26.Buna göre başvurucunun dava açtığı sırada ıslah imkânının olmaması nedeniyle hak kaybına uğramamak için talebini yüksek tuttuğu, davanın reddedilmesi sonrasında 13.740 TL avukatlık ücreti ödeme yükümlülüğü altına girdiği anlaşılmaktadır.

27. Başvurucu aleyhine avukatlık ücreti ödenmesini öngören düzenlemenin tek başına mahkemeye erişim hakkını ihlal ettiği söylenemez. Bu düzenleme sonucu gerçekleşen müdahalenin ölçülü olup olmadığının incelenmesi gerekir.
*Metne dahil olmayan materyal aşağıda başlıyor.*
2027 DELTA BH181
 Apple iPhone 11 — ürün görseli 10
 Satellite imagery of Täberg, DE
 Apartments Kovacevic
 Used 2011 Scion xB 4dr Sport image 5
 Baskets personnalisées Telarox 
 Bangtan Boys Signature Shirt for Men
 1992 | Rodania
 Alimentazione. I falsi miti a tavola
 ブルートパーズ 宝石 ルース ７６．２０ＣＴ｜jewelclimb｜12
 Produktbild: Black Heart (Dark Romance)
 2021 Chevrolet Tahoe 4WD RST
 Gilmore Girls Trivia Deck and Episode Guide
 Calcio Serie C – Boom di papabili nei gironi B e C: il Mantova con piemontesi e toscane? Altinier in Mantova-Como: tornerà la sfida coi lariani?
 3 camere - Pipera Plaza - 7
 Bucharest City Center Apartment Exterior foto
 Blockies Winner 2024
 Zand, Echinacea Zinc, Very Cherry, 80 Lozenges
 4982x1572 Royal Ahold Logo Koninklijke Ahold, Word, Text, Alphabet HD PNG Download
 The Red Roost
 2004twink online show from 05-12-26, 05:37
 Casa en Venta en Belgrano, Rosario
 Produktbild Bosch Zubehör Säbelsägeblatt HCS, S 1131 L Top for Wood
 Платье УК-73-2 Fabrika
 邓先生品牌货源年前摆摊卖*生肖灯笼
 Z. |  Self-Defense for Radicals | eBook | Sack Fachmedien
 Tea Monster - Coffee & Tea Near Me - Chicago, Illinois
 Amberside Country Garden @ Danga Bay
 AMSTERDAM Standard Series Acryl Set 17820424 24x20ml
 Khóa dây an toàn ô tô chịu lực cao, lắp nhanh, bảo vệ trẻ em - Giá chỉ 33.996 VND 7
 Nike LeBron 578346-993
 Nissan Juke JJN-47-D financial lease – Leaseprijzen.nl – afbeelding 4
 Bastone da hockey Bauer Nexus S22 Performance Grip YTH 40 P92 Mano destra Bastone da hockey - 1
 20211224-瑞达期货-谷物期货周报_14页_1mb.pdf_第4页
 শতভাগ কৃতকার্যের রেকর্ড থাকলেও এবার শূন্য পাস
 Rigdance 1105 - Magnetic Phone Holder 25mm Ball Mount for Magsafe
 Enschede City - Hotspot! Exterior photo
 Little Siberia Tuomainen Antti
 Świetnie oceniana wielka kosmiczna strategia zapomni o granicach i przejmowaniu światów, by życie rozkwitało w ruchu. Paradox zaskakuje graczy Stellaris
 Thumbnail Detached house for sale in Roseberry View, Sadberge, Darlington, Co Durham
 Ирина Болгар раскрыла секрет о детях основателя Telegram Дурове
28. Somut olayın koşulları bir bütün hâlinde değerlendirildiğinde başvurucunun, dava açtığı sırada ıslah imkânının olmaması nedeniyle hak kaybına uğramamak için talebini yüksek tuttuğu ve yargılama sonucunda hak kazandığı tazminat ve avukatlık ücretinin yaklaşık %38'ine denk gelen kısmını avukatlık ücreti olarak davalı idareye geri ödemek zorunda kaldığı görülmüştür. Böylece başvurucunun tazminat alacağının önemli bir kısmından mahrum bırakıldığı ve bu miktarın ölçülü olmadığı saptandığından mahkemeye erişim hakkının ihlal edildiği sonucuna varılmıştır.

29. Açıklanan nedenlerle başvurucunun Anayasa'nın 36. maddesinde güvence altına alınan adil yargılanma hakkı kapsamında mahkemeye erişim hakkının ihlal edildiğine karar verilmesi gerekir.

3. 6216 Sayılı Kanun'un 50. Maddesi Yönünden

30. 30/3/2011 tarihli ve 6216 sayılı Anayasa Mahkemesinin Kuruluşu ve Yargılama Usulleri Hakkında Kanun’un 50. maddesinin (1) ve (2) numaralı fıkraları şöyledir:

“(1) Esas inceleme sonunda, başvurucunun hakkının ihlal edildiğine ya da edilmediğine karar verilir. İhlal kararı verilmesi hâlinde ihlalin ve sonuçlarının ortadan kaldırılması için yapılması gerekenlere hükmedilir. …

(2) Tespit edilen ihlal bir mahkeme kararından kaynaklanmışsa, ihlali ve sonuçlarını ortadan kaldırmak için yeniden yargılama yapmak üzere dosya ilgili mahkemeye gönderilir. Yeniden yargılama yapılmasında hukuki yarar bulunmayan hâllerde başvurucu lehine tazminata hükmedilebilir veya genel mahkemelerde dava açılması yolu gösterilebilir. Yeniden yargılama yapmakla yükümlü mahkeme, Anayasa Mahkemesinin ihlal kararında açıkladığı ihlali ve sonuçlarını ortadan kaldıracak şekilde mümkünse dosya üzerinden karar verir.”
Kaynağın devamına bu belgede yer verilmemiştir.